Where is that time capsule pray tell??!!

MRCSH on September 9, 2014 at 12:17 pm

A longtime tradition in our family was Saturday night dinner at Chi-Chi’s, followed by a movie at the Panorama Theatre. Whatever happened to crying rooms?? It was and still is a great idea.

holland53 on March 20, 2014 at 11:22 pm

Thanks very much for the nine photos radavis33. Haunting pictures, as I do remember all those different locations in/out of the theater. After Americana Theater opened Panorama Theater lost a lot of business. Strange—I don’t remember at all when it had two theaters. It was one big red-pluched hall with lights on the side walls. There was also a bench outside of the restrooms—if you misbehaved you had to sit there until the usher said you could leave.

radavis33 on March 20, 2014 at 2:14 pm

The nine photos I uploaded today were taken by me in July 2004, on a nostalgia drive through the Valley (where I lived from 1953 through 1973). I remember spending many late 50s – early 60s summer days at this theater with my friends watching almost exclusively Sci-Fi. We saw The Time Machine six times, with all but one as 2nd feature. I recall the crying room, as well as the shock of leaving the darkened theater (via the rear exit) after watching two movies, to find that it was still bright outside – with plenty of time left to play.

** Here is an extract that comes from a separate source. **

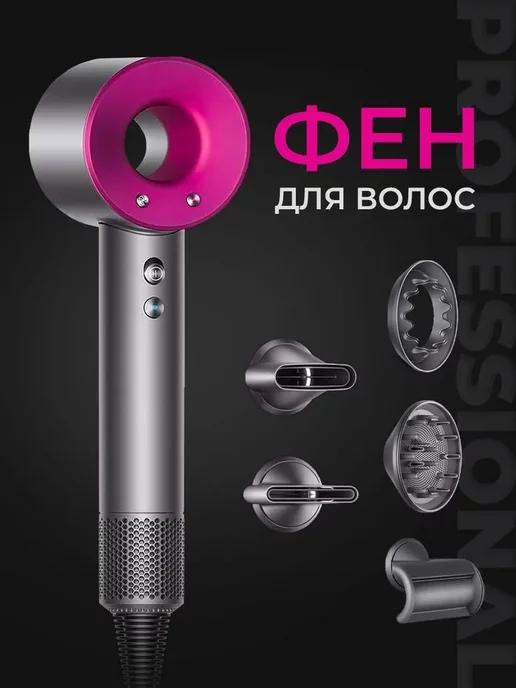 Original Quality | Фен Super Hair Dryer Original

rivest266 on August 9, 2012 at 12:54 pm

This opened on December 19th, 1949. It’s grand opening ad has been uploaded here.

holland53 on October 31, 2011 at 11:25 pm

Great comments. Wonderful memories including the “crying room”. Was in those days a “chic” theater. Saturdays were always matinees with at least 2 films (mostly science-fiction) and a series (you had to keep coming back). This is around ‘62-'65. Saw Hard Day’s Night and Help there, as well as countless (musical)films. In those days you could stay and watch a film(s) again without paying extra. Wonder if Bill Robinson or Alfredo remember the usher, Jay Hammond, from late 50’s/early 60’s. Thanks for this wonderful walk down memory lane.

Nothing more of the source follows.